> SUPPLIED INFORMATION
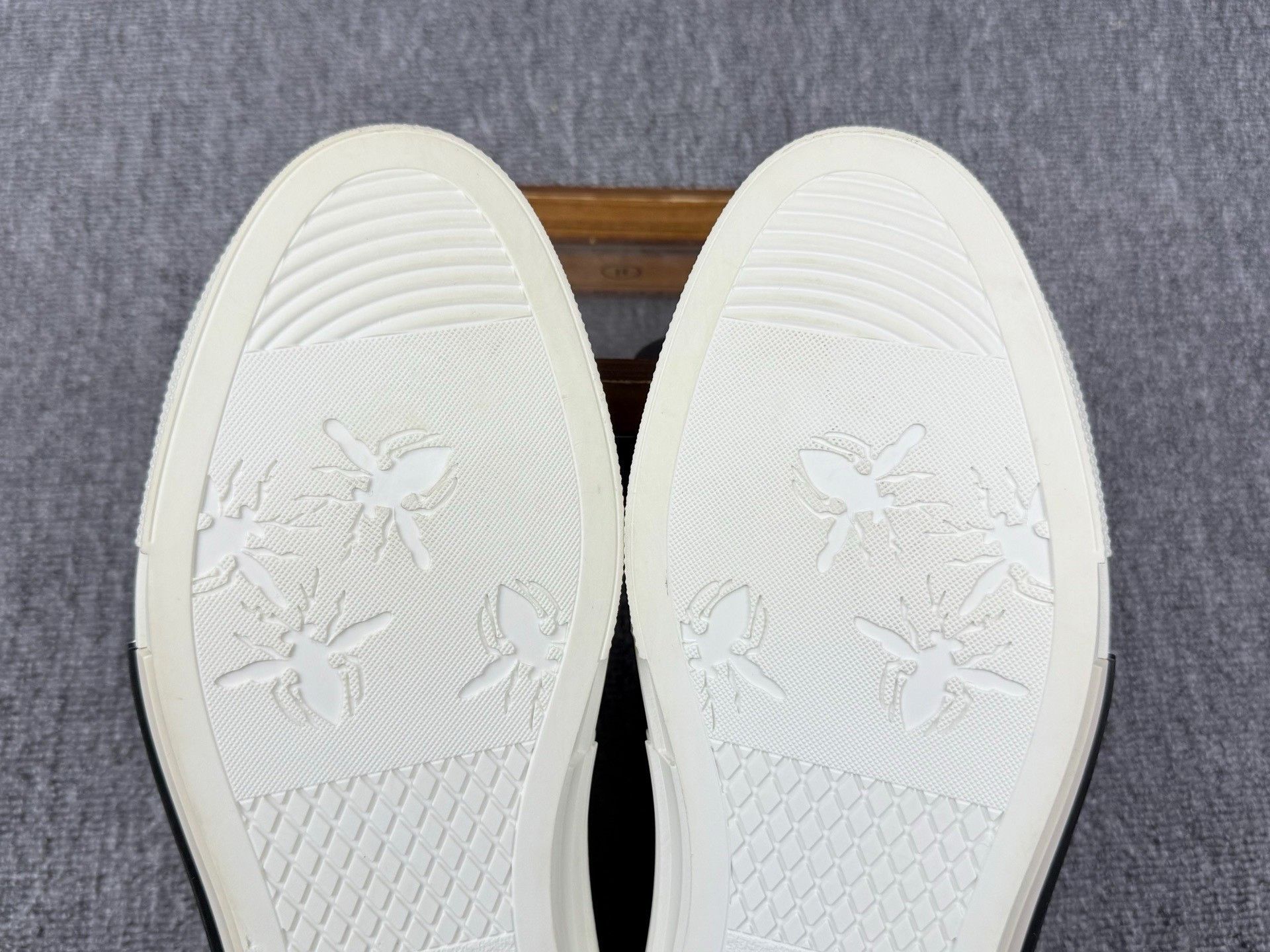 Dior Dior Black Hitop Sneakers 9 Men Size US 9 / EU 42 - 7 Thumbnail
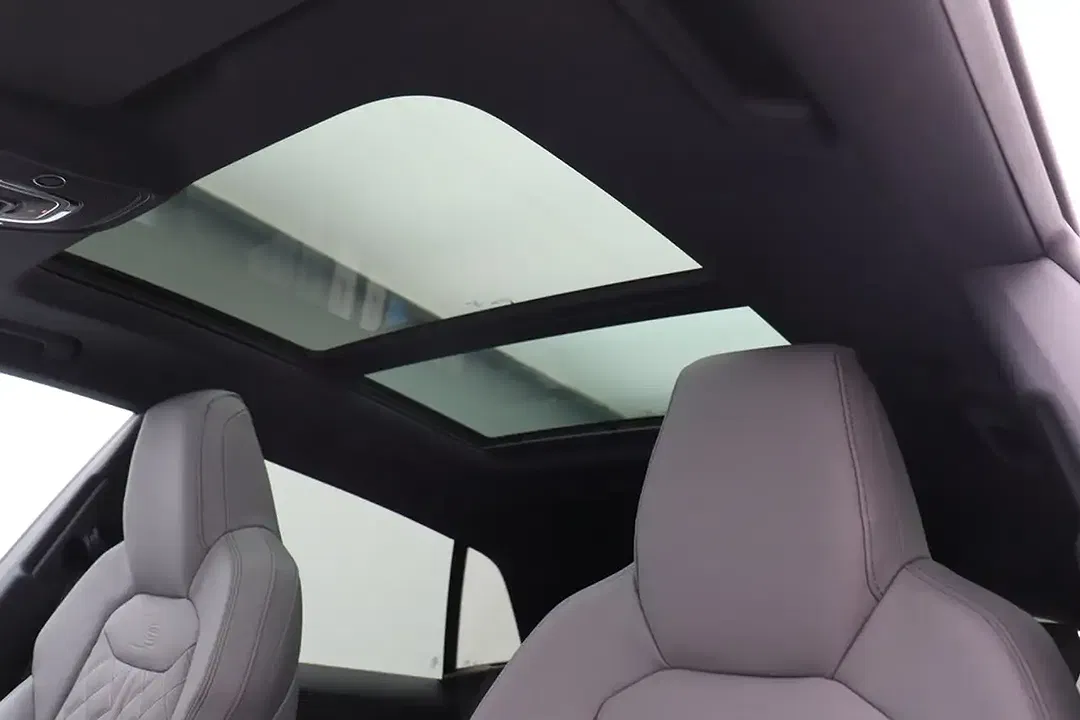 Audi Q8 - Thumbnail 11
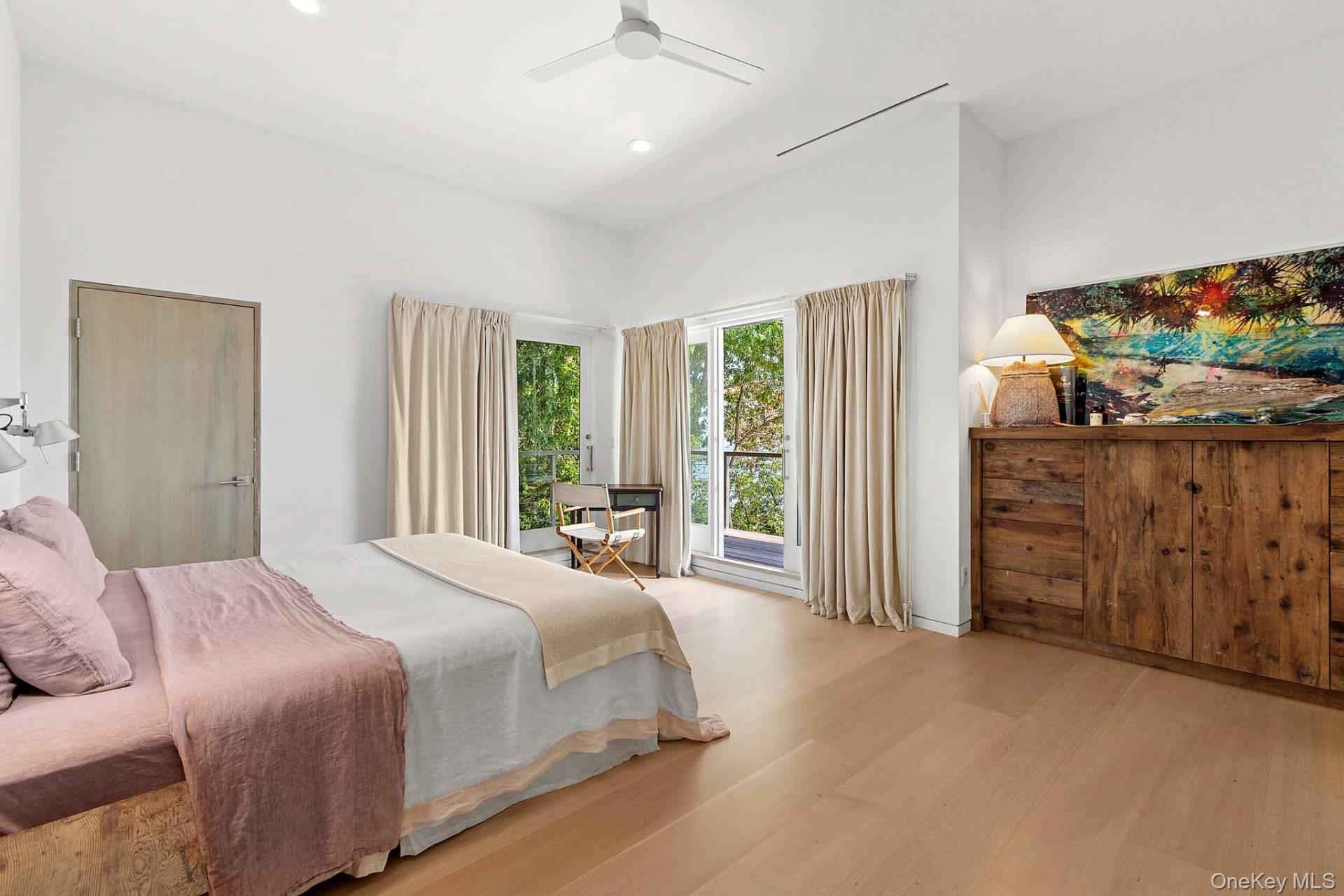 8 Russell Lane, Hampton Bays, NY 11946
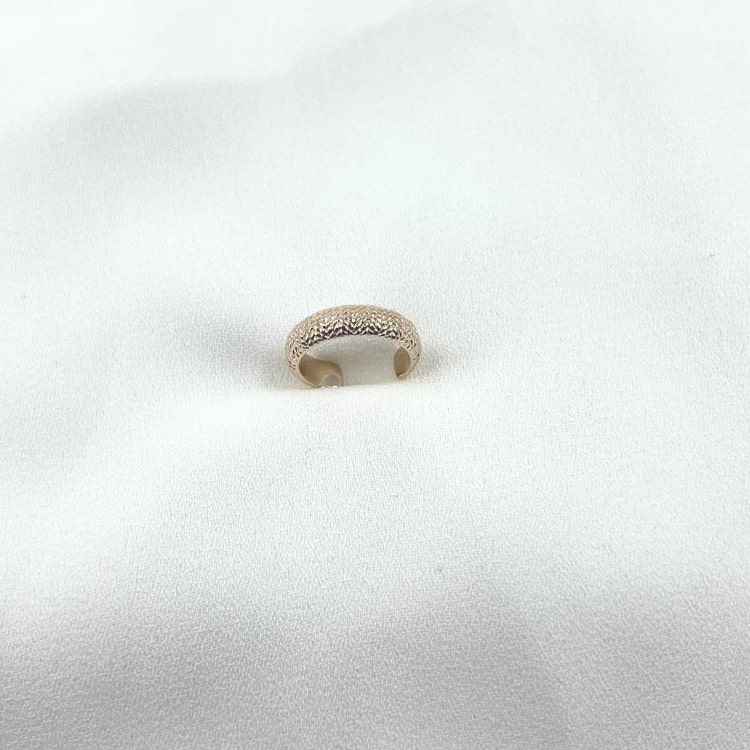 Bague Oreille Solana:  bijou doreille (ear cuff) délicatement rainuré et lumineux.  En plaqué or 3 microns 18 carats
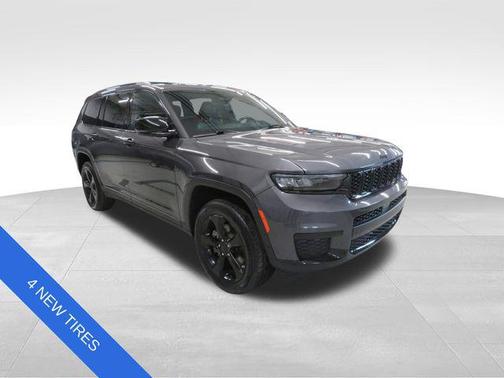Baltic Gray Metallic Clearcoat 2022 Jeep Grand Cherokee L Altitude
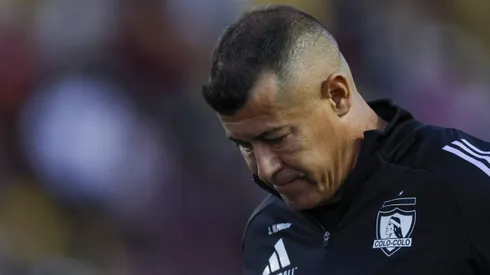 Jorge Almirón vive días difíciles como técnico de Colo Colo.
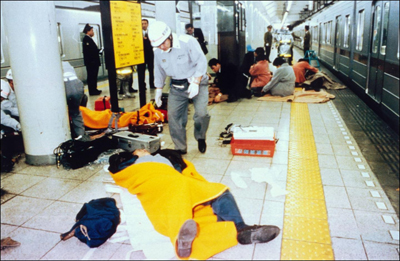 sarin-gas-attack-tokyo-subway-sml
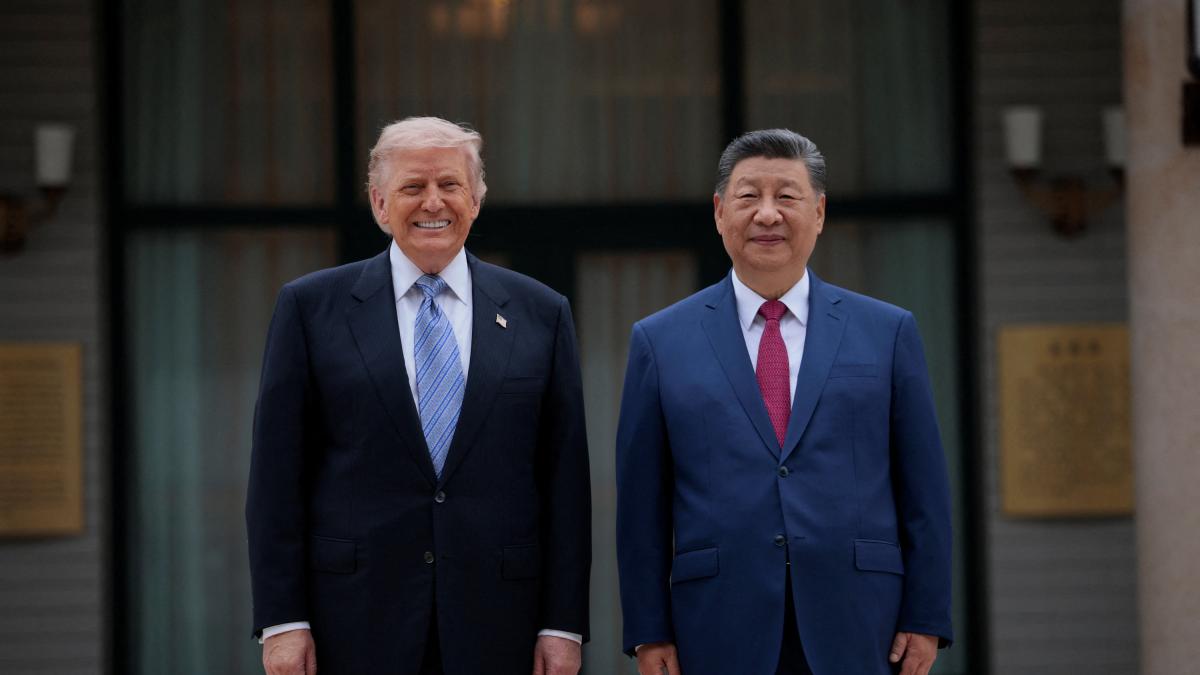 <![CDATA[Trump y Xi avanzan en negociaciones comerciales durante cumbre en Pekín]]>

> YOUR ASSIGNMENT
Only one thing is required here: an exact copy of the lines from the one bearing "Jorge Almirón vive" through the final line above, both included, with pictures left out.

> WRITTEN ANSWER
 Jorge Almirón vive días difíciles como técnico de Colo Colo.
 sarin-gas-attack-tokyo-subway-sml
 <![CDATA[Trump y Xi avanzan en negociaciones comerciales durante cumbre en Pekín]]>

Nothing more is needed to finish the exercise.